Glanzmann-Hunkeler Ida · Nationalrat · Luzern · CVP-Fraktion · 2018-05-30

Wortprotokoll

In diesem Block geht es um Verbote im Zusammenhang mit Waffen, Waffenbestandteilen und Waffenzubehör. Ebenso werden Ausnahmebewilligungen und Übergangsbestimmungen hier geregelt.

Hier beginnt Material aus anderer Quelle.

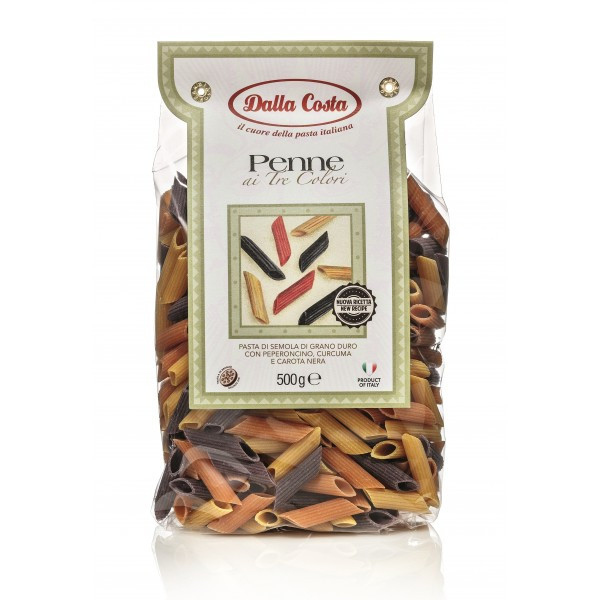 DALLA COSTA Penne tricolor (чилі, куркума, морква)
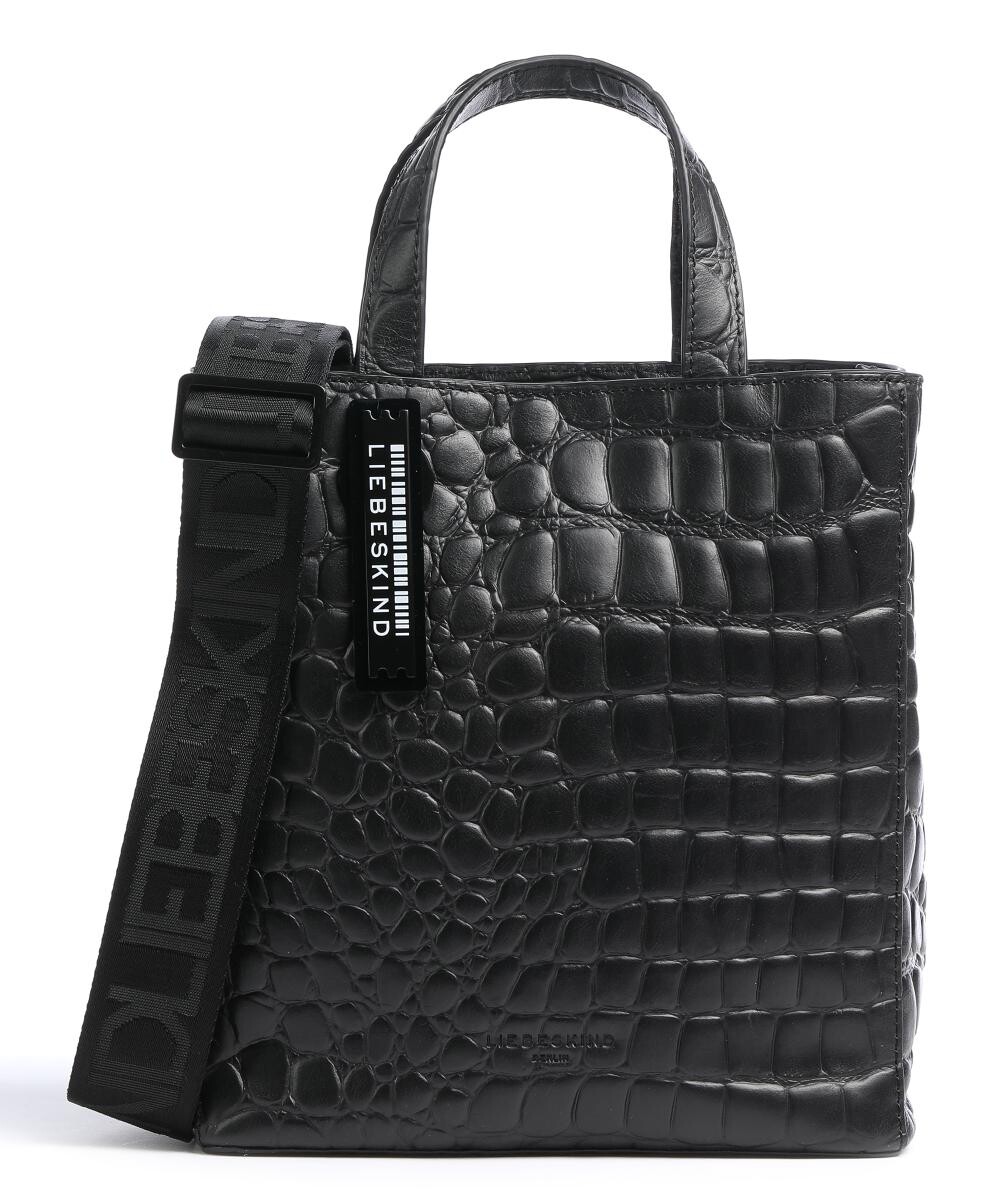 

Сумка Paper Bag Waxy Croco S кожаная Liebeskind, черный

Artikel 5 Absatz 1 Buchstabe b ist die Bestimmung, die die Kommission im Zusammenhang mit den Ordonnanzwaffen ergänzt hat. Die Kommission fügt hier ein, dass Ordonnanzwaffen, die direkt nach dem Militärdienst vom Besitzer übernommen werden, wie bisher mit einem Waffenerwerbsschein übernommen werden können. Die Waffe wird auch nicht zur verbotenen Waffe, wenn der Funktionserhalt der Waffe sichergestellt werden muss, das heisst, wenn beispielsweise der Lauf ausgewechselt werden muss. Gleichzeitig wird bei Artikel 28d Absatz 4 gestrichen, der eine Sonderbehandlung der Ordonnanzwaffe vorsieht, sodass der Eigentümer keinem Verein angehören und auch keine Schiesspflicht nachweisen muss. Dies entfällt, da die Waffe mit der von der Kommission beantragten Bestimmung nicht mehr der Kategorie verbotener Waffen angehört. Das Gleiche gilt für die Bestimmung in Artikel 42b Absatz 2 Buchstabe b, die ebenfalls gestrichen wird. Dieses Konzept hat die Kommission mit 18 zu 7 Stimmen angenommen. Bei Artikel 28d Absatz 4 wurde die Streichung mit 17 zu 8 Stimmen beschlossen.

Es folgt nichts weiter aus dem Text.